Here’s a question we’ve all asked ourselves: What makes a successful flower grower? I could pull out my old MBA books, I could list a litany of skills and traits, and we could all point to somebody who has made it big and say, “Now, they have what it takes.”
But there’s one thing all successful growers have in common. In fact, all successful people claim this trait. If you’ve followed the last two pieces I’ve written, you know what comes next.
It’s writing—the ability to string a few words together into a cohesive sentence that clearly conveys a message.
Some might say writing is dying. We don’t need to know how to write in the modern world. We’ve got all sorts of new ways to communicate—who needs the antiquated drudgery of the written world?
You do. We all do.
Whether we are selling to our customers or communicating to our employees, whether we’re crafting an email to a displeased buyer or writing a press release for the local journalist, it is imperative that our words appear as splendid as our product.
Good communication is what separates the struggling from the successful.
My last two pieces focused on key parts of running a business. The first focused on the value of a well-written e-letter. We wouldn’t have a flower farm without ours. It’s how we communicate our mission, our vision and our brand. It’s what separates us from the others.
In my second piece, I described the value of strong website copy. This one is huge. I don’t have to explain the value of a good website. I merely have to ask a question. When was the last time you bought from a site that used bad grammar, had misspelled words or that failed to gain your trust?
Even if the decision wasn’t conscious, it’s what happens behind the scenes in our brain that makes the big choices. The deep recesses of our minds don’t tolerate compromise. One twisted word, one misplaced phrase, and our brain is screaming to move on and find something better.
You’ve seen it. You get an email from a Nigerian prince.

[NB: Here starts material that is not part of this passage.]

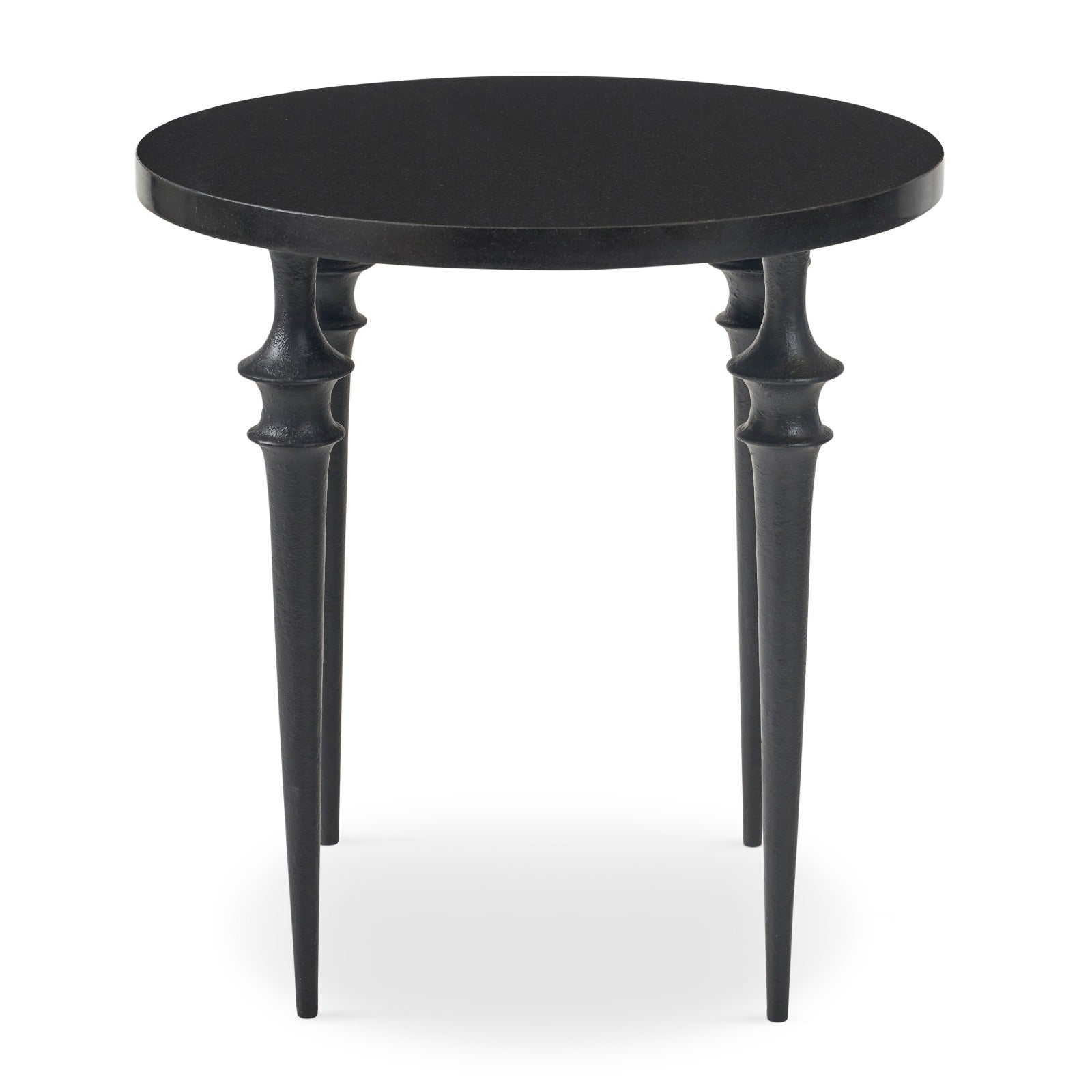 Ambella Flint End Table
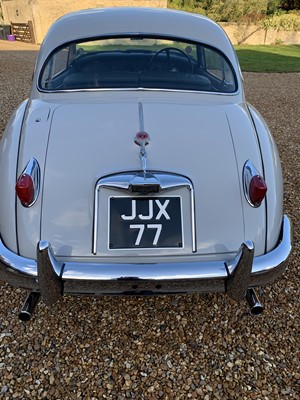 Lot 46 - 1958 Jaguar XK150 SE 3.4 Litre Fixed Head Coupe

It’s a hyperbolic example, but what is your conscious mind saying as you trudge through each grammatical error? It’s not pretty. Now imagine what your oh-so-savvy unconscious mind is saying.
It does this all the time. Every ad we see, every site we visit, every email we get—our mind is scanning, looking for signs of trust and authority. That’s why good writing is so important. Whether you’re submitting a quote to a wholesale client or responding to a customer’s inquiry, good writing is essential.

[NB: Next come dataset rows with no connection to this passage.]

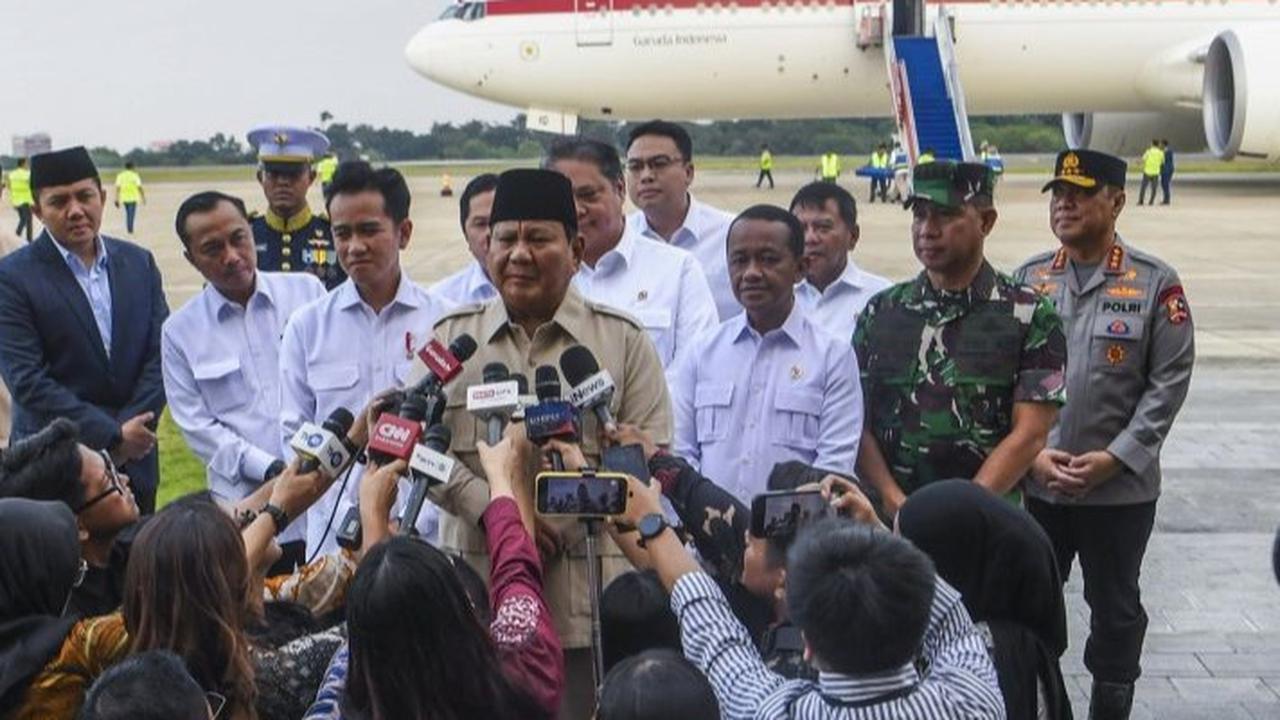 VIDEO: Seskab Teddy Bangga Pidato Berani Prabowo Bikin Donald Trump Kagum, Presiden Macro Langsung Telepon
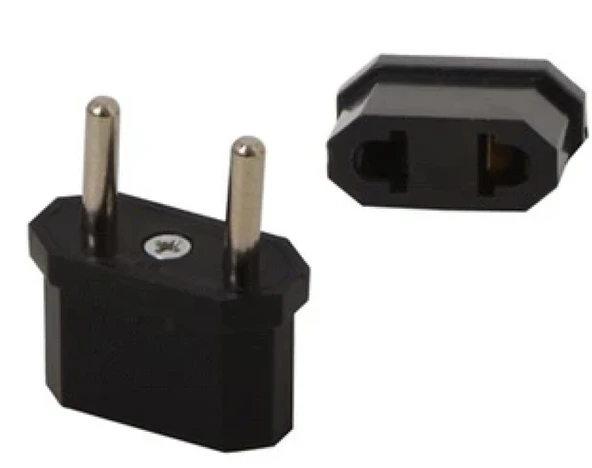 S-LİNK SL-W260 10 ADET TÜRK-AMERİKAN ÇEVİRİCİ PRİZ ADAPTÖR 10LU - 3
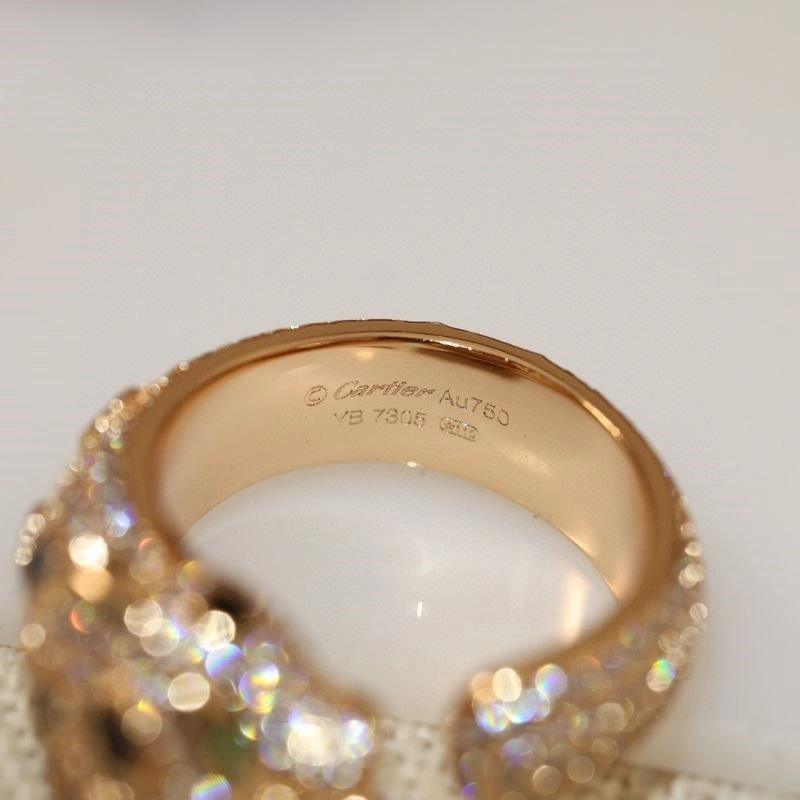 Stylish Cartier Rings 217392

Fortunately, good writing is not an art. It’s not a gift a lucky few are born with. It’s a science we can all learn. In fact, follow the mathematical equation that I’m about to show you and you’ll instantly become a better writer, if not a great writer.
We’ve all been taught that simpler is better. We all know it is true.
Yet, this is a hard rule for a lot of folks. We naturally want to show our smarts to our readers. We want to impress them with our big words and our robust vocabulary. Who hasn’t tossed in the Latin name of a flower just to show we know it? We must not fall for it.
Instead, we must impress readers with the beauty of a simple, well-honed sentence.
Ernest Hemingway—the king of simple writing—put it best. “If I started to write elaborately,” he wrote, “I found that I could cut that scrollwork or ornament out and throw it away.”
Big words and long sentences have no place in effective writing. The best sentences are short. They get in. They get out. And they keep the reader moving.
Very few folks know it, but there’s actually a math formula that tells us when we’re hitting our mark. It’s a tool that you should use every day. Getting a passing grade from it should be the foremost idea as you write. It’s called the Flesch-Kincaid readability score. It looks like this.
0.39 (total words/total sentences) plus 11.8 (total syllables/total words) – 15.59
They don’t teach this math in schools but it’s a wonderful thing.
The F/K equation gives us a very powerful product. It gives our writing a grade level. Counter to common belief, the lower the grade, the better. Grade 8 is considered the benchmark. Above it and your work is too complex. You have revising to do. Below it and you’re on track—the further, the better.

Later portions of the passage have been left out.